TSE/Batching

From TDN

TGEA Batching

Contents

Overview

To improve the engine's rendering behavior a new set of rendering classes was added. The goal of these rendering classes is to group geometry with the same material / render states together so they get rendered at the same time. This improves the batches that are sent to the graphics card / driver which improves performance. The size of these batches are normally a large bottleneck in a system. Large batches are better!

Important Data Structures / Classes

  • RenderInstance: This class is used to represent a "renderable thing". This contains all of the scene state needed to render, and often the geometry itself.
  • RenderElemManager and descendants: These classes sort and render a list of RenderInstances. The primary purpose of these classes is to deal with setting render states and driving the geometry submission to the underlying API.
  • gRenderInstManager: This is a global singleton object of type RenderInstManager which is used to create render instances, and maintains a list of RenderElemManager. This list determines the order which objects get drawn. This is the place to tweak when the sky renders vs. the terrain etc. Most of the work done by this object is accomplished by looping through the list of RenderElemManagers and calling the same method. The sort, render, and clear methods work this way.

Code flow

  1. The scenegraph calls ::prepRenderImage for each SceneObject that is in the current scope.
  2. prepRenderImage determines if it should render or not. If it does, it creates a RenderInst object (using gRenderInstManager.allocInst()). It sets the various properties of that object, then finally submits it to the gRenderInstManager via the addInst method. The addInst method adds the renderinstance to the appropriate RenderElemManagers.
  3. gRenderInstManager.sort is called to sort RenderInstances by their material type. This is done to minimize the number of times we need to switch shaders which is one of the most expensive things we can do with the GPU.
  4. gRenderInstManager.render is called.
  5. gRenderInstManager.clear is called and the process starts over.

Render Instance Types

There are basically two styles of RenderInstances: objects and meshes. (This is a simplification, but enough to get the point across.)

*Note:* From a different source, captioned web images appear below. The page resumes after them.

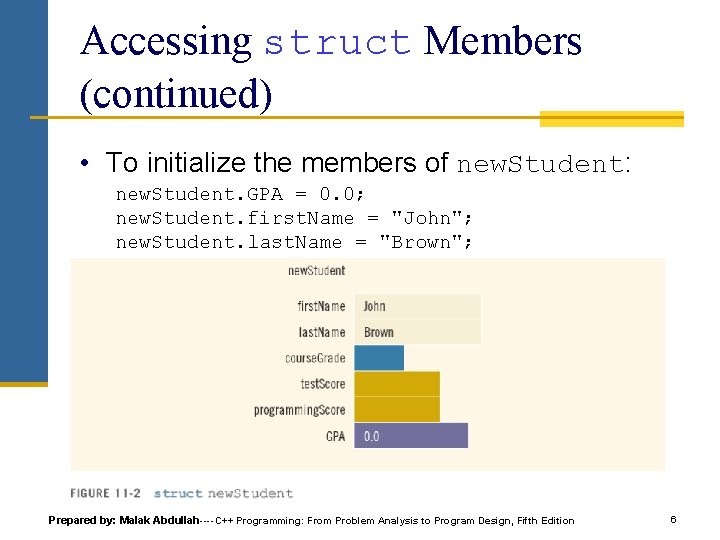 Accessing struct Members (continued) • To initialize the members of new. Student: new. Student. Accessing struct Members (continued) • To initialize the members of new. Student: new. Student.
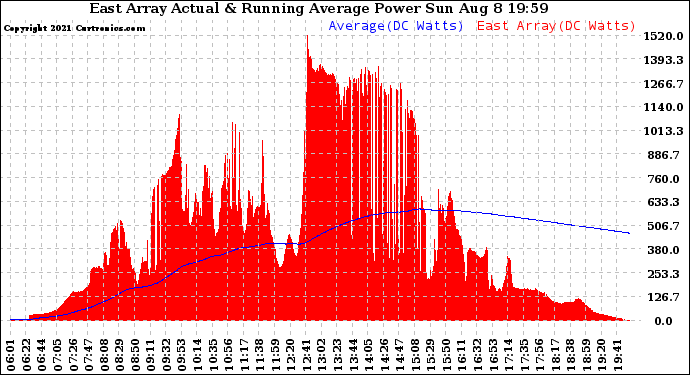 Solar PV/Inverter Performance East Array Actual & Running Average Power Output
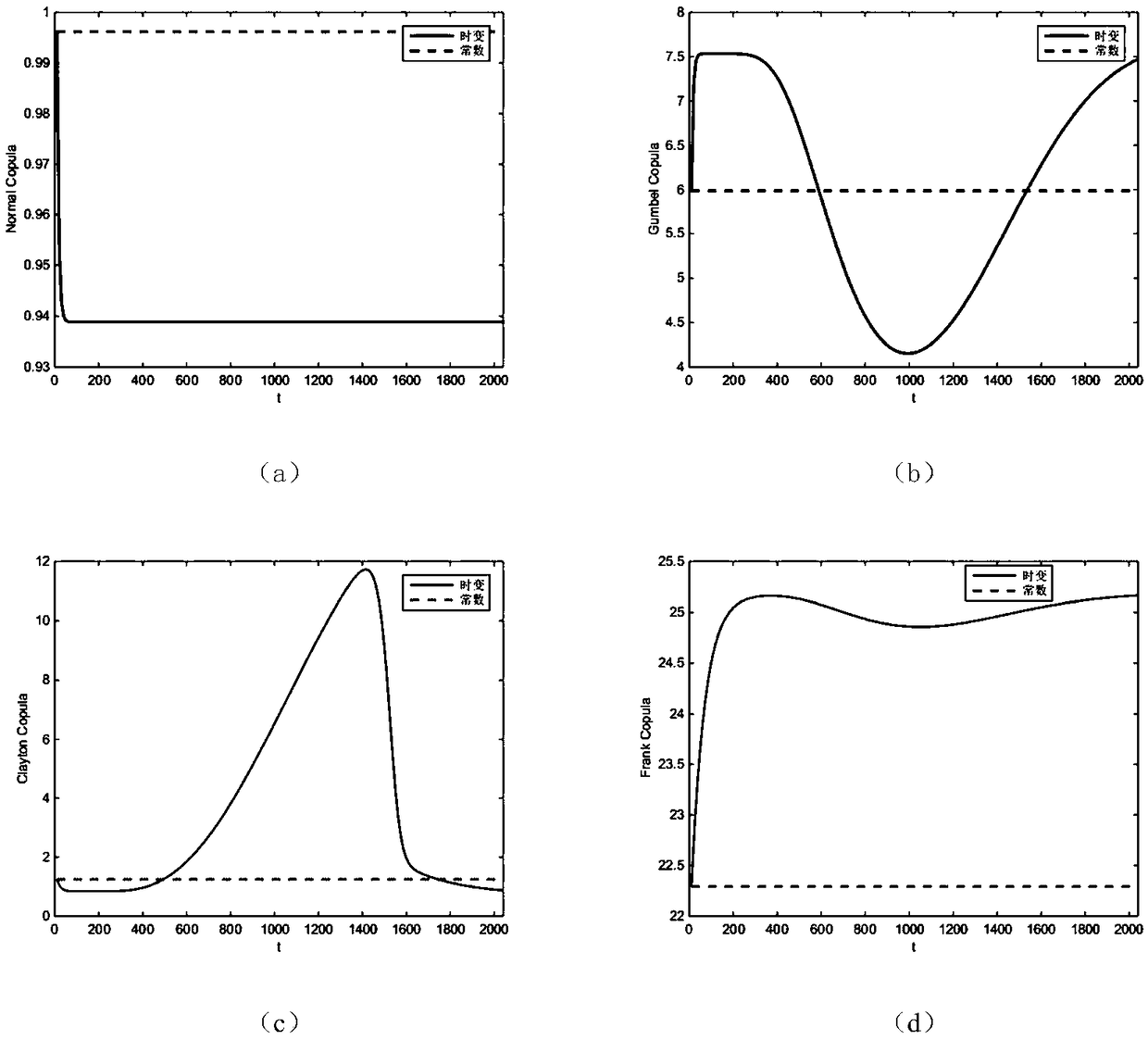 Reliability model of competitive failure systems with multiple degradation processes and stochastic shocks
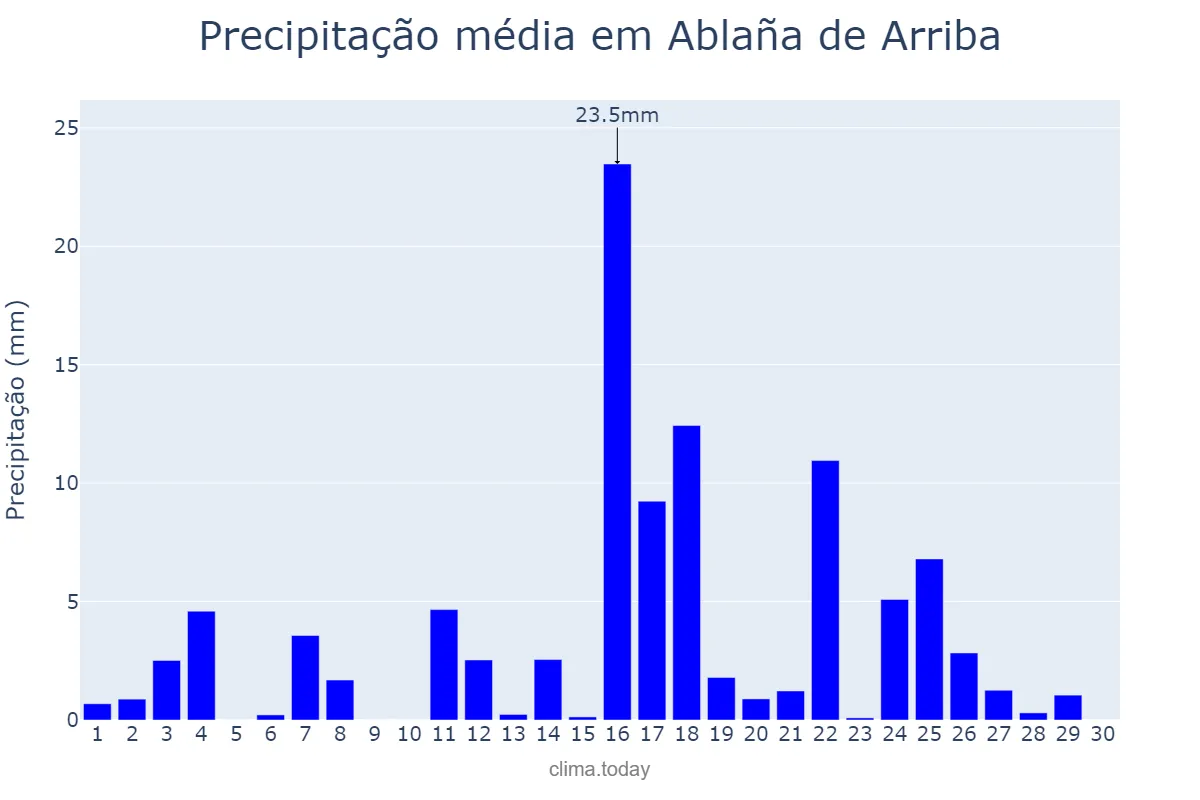 Precipitação em junho em Ablaña de Arriba, Asturias, ES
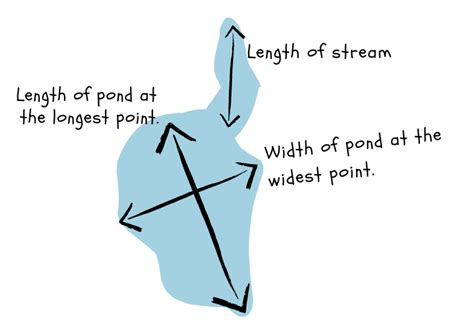 how to calculate gallons of water in a pond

  1. RIT_Object, this basically tells the RenderManager to call back into the object via the ::renderObject method and the object takes over rendering. This is useful for porting older code with minimal changes. Or for interfacing with third party code. Examples of RIT_Object based classes are Atlas, fxSunLight, and the Terrain.
  2. RIT_Mesh, this is submitted to the ::addInst method with the vertex and primitive buffers setup already. The RenderInstance then becomes all of the information needed to render geometry. For the long term, rendering this way is definitely preferred. Its more data driven and will allow more flexibility in the future. ShapeBase and Interiors are examples that use this method of rendering.

Render loop

Finally, the ::render method of the RenderElemManager itself deserves a quick look. Here are some snippets of the RenderMeshMgr::render method with more explanation:

This is looping through each RenderInst assigned to this RenderElemMgr that was submitted in step 2 of above. Notice how we are not incrementing j here, this is done later on in the code.

  for( U32 j=0; j<binSize; )
  {

Then there will be code in here for setting up the SceneGraphData class that the Material system uses to set shader constants and setting up other global state like texture filtering.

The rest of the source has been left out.